The option for choosing Stratified sampling was also considered. However, in our case, I will choose random selection for simplicity’s sake. It could be a possibility to use Stratified sampling if the dataset contained more "boolean features". Meaning the more clearly representative features that we could use to categorize more easily than floating numbers. In other words, it would be to organize by specific features to groups, before selecting. Which ensures the sample to be representative.

### *The 60/20/20 split*
My approach to the splitting of the dataset will be a 60/20/20 split. Reason for this is that model reliabilty is crucial in our case. Therefore choosing 60/20/20 split will provide better balance between training and evaluation. This should also enhance our ability to prevent overfitting. In other words, we wants our evaluation to be thourough and the model to be able to generalize well to new data. 

- 60% for training
  - This will ensure the model has enough data to learn from. In other words, it should be sufficient enough to capture the patterns and complexities within the data.

- 20% for validation
  -  This allow us to tune our hyperparamaters and make decisions according to our performance, without overfitting to the training data.

- 20% for testing
  - This will be used for having an unbiased evaluation of the models performance.

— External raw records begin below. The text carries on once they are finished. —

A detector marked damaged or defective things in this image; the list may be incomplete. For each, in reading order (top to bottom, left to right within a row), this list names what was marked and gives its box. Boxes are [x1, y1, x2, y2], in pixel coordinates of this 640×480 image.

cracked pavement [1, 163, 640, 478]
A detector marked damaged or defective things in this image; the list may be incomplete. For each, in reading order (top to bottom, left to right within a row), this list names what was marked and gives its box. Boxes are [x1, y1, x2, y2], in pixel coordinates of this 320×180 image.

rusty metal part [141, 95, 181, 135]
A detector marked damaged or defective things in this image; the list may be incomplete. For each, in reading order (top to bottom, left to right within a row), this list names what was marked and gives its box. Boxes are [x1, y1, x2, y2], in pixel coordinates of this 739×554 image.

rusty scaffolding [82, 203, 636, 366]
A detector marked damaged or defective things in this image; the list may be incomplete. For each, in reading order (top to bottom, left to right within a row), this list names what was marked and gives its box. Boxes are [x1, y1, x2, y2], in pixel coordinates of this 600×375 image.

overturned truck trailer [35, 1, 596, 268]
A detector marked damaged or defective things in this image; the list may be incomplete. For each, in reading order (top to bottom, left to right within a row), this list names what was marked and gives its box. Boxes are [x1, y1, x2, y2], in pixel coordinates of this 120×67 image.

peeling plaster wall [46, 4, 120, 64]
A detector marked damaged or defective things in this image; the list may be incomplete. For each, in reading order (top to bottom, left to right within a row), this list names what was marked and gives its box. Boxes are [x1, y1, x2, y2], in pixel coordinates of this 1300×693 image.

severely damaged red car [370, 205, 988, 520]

This occurs after the training and the validation, to ensure its evaluating data it has not seen before.

### *Comparing our split choice with the 80/10/10 split*

When arriving at the question of choosing the correct split, it stood between two options. Either the 60/20/20 split or 80/10/10. So to elaborate why I didnt choose the 80/10/10, boils down to that the split is relevant for when the scenario is about maximizing the training data, which is not our desired goal.  

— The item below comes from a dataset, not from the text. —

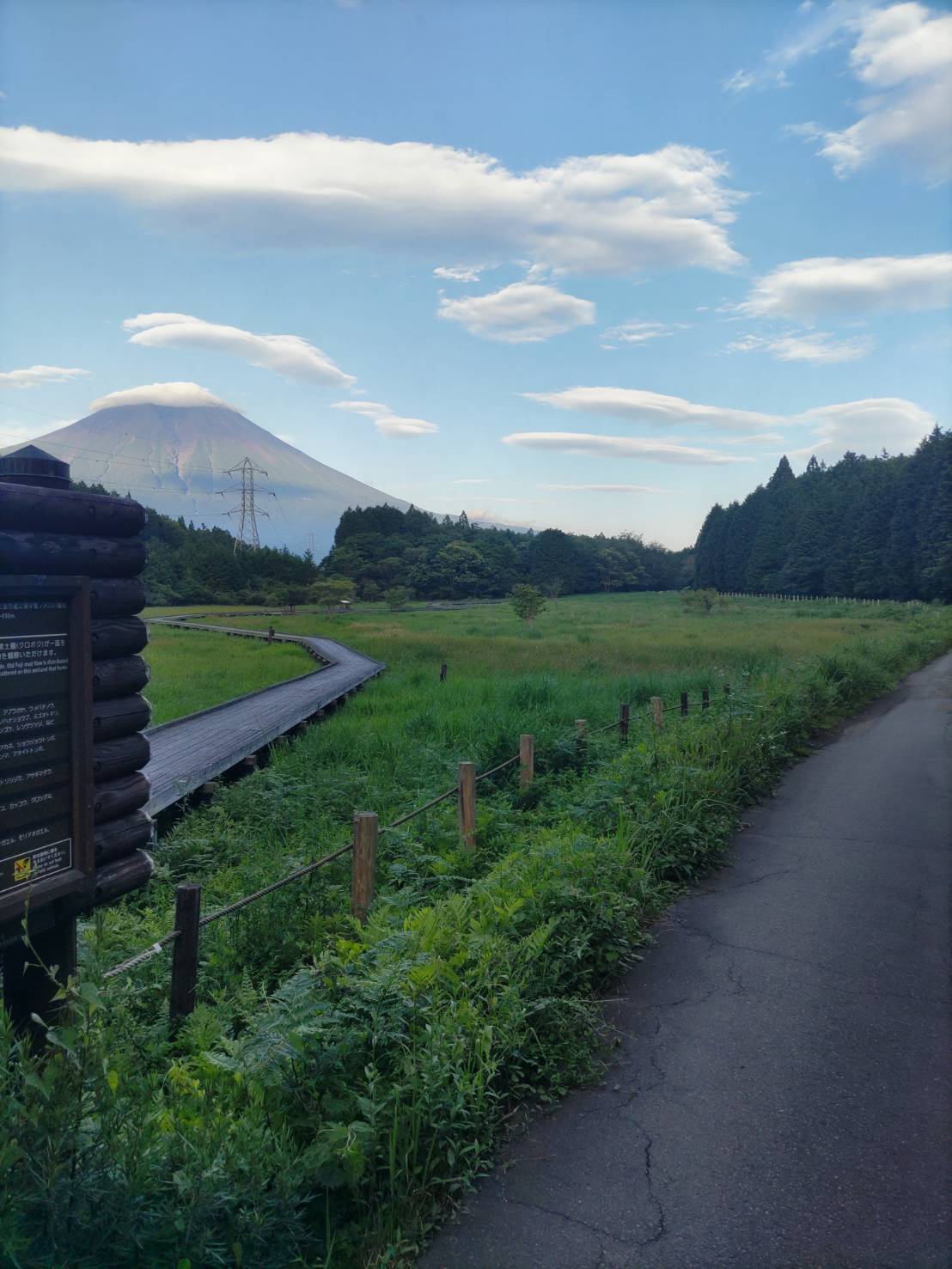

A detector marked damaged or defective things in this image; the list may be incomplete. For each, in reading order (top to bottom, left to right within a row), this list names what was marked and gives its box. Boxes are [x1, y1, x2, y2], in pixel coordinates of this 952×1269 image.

cracked asphalt surface [421, 650, 949, 1264]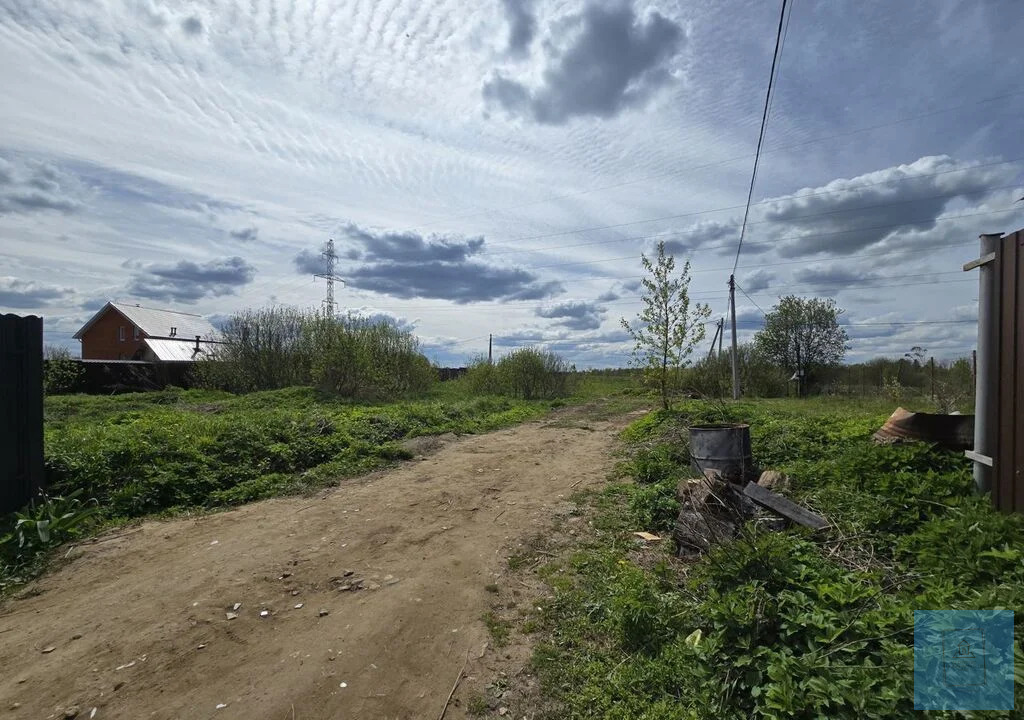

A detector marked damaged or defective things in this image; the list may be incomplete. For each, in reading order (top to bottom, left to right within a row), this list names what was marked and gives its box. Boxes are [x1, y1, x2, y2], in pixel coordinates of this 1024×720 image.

rusty metal object [876, 408, 972, 448]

### *Defending the chosen 60/20/20 split*

Why I think this is a good approach is that there will be sufficent data for the training to yield good results, without overfitting. It has a balanced evaluation which provides flexibility and reliability. 

In [30]:
# Let's make our split

training_validation = dataset.groupby(dataset.columns[1],group_keys=False).apply(lambda x: x.sample(frac=0.40))
test = dataset.drop(training_validation.index)

train = training_validation.groupby(dataset.columns[1], group_keys=False).apply(lambda x: x.sample(frac=0.50))
validation = training_validation.drop(train.index)

  training_validation = dataset.groupby(dataset.columns[1],group_keys=False).apply(lambda x: x.sample(frac=0.40))
  train = training_validation.groupby(dataset.columns[1], group_keys=False).apply(lambda x: x.sample(frac=0.50))


In [31]:
train_features = train.drop(dataset.columns[1], axis=1)
train_targets = train[dataset.columns[1]]

validation_features = validation.drop(dataset.columns[1], axis=1)
validation_targets = validation[dataset.columns[1]]

test_features = test.drop(dataset.columns[1], axis=1)
test_targets = test[dataset.columns[1]]

In [32]:
dt1 = DecisionTreeClassifier()
dt1.fit(train_features, train_targets)

ValueError: Unknown label type: continuous. Maybe you are trying to fit a classifier, which expects discrete classes on a regression target with continuous values.